UNITED STATES

SECURITIES AND EXCHANGE COMMISSION

Washington, D.C. 20549

 

SCHEDULE 14A

Proxy Statement Pursuant to Section 14(a) of the

Securities Exchange Act of 1934

(Amendment No.)

 

Filed by the Registrant                              Filed by a Party other than the Registrant  

Check the appropriate box:

 

Preliminary Proxy Statement

Confidential, for Use of the Commission Only (as permitted by Rule 14a-6(e)(2))

Definitive Proxy Statement

Definitive Additional Materials

Soliciting Material Pursuant to § 240.14a-12

G-III APPAREL GROUP, LTD.

(Name of Registrant as Specified In Its Charter)

 

(Name of Person(s) Filing Proxy Statement, if other than the Registrant)

 

Payment of filing fee (Check the appropriate box):

No fee required.

Fee paid previously with preliminary materials.

Fee computed on table in exhibit required by Item 25(b) per Exchange Act Rules 14a-6(i)(1) and 0-11


Graphic

June 2, 2023

Dear ISS Analysis Team for G-III Apparel Group, Ltd.,

We refer to the ISS Proxy Analysis & Benchmark Policy Voting Recommendations (the “Report”) with respect to G-III Apparel Group, Ltd.’s 2023 Annual Meeting.

We strongly believe that our shareholders should vote to support our Say on Pay resolution and vote “FOR” all of our directors. In particular, we point out that your recommendation (detailed on page 16 of your report) that our stockholders withhold their votes for Thomas J. Brosig as a director of G-III is based on an incorrect premise.

In your Report, ISS recommends that G-III’s stockholders withhold their vote for Mr. Brosig because he was a member of our Compensation Committee. In fact, Mr. Brosig was not a member of our Compensation Committee during fiscal 2023 and is not currently a member of the Compensation Committee.

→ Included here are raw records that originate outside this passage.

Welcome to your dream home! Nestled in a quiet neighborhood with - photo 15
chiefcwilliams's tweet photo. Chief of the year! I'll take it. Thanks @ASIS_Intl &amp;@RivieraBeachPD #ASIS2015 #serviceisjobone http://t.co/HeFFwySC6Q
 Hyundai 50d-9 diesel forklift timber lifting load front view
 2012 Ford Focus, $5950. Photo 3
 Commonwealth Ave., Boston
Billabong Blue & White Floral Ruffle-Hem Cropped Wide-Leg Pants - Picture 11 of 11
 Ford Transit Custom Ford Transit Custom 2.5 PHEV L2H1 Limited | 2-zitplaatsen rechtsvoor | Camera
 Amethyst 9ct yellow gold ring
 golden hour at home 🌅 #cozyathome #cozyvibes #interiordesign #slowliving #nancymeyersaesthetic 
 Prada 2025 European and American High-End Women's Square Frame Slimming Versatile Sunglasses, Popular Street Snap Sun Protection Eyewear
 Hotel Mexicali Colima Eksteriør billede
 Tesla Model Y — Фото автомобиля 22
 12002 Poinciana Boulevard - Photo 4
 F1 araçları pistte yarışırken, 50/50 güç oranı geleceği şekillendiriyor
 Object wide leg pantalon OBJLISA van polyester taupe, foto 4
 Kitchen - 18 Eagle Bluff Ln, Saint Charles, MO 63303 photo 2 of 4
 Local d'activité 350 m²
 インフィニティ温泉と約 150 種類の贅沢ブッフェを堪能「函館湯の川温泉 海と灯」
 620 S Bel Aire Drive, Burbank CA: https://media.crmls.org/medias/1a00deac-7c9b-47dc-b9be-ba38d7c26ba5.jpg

Mr. Brosig is not indicated as a member of this Committee in the table in the section of the Proxy Summary entitled “Our Director Nominees,” nor does the information provided with respect to Mr. Brosig under “Proposal No. 1-Election of Directors” indicate that he is a member of the Compensation Committee. In addition, the “Compensation Committee Report” contained in the Proxy Statement sets forth the members of the Compensation Committee who recommended to the Board that the Compensation Discussion and Analysis be included in the Proxy Statement. Those persons are Richard White, Patti H. Ongman and Laura Pomerantz, who were the only members of the Committee during fiscal 2023. The only reference to Mr. Brosig with respect to the Compensation Committee is the statement that it is expected that Mr. Brosig will be appointed to the Compensation Committee after the Annual Meeting of Stockholders.

In addition, we ask you to correct an error in the Pay for Performance Evaluation on page 19 of your report. The Multiple of Median chart states that our CEO’s compensation for fiscal 2023 was 282% of the peer group median. This is incorrect. In fact, our CEO’s compensation for fiscal 2023 was 65% of the peer group median. In the incorrect analysis that you published, you compared our CEO's fiscal 2022 compensation to the peer group median compensation for fiscal 2023. We believe that the substantial decrease in our CEO’s compensation during fiscal 2023 warrants support for our Say on Pay proposal. We don’t believe that you have given sufficient credit to the reduction in CEO compensation and believe that the package worked to align CEO compensation with performance in fiscal 2023.

Now that these facts have been brought to your attention, we trust you will correct the record and change your recommendation with respect to the election of Mr. Brosig and reissue your Report. We ask that you amend and reissue your Report since it is widely disseminated and specifically ask you to call out your correction of these errors.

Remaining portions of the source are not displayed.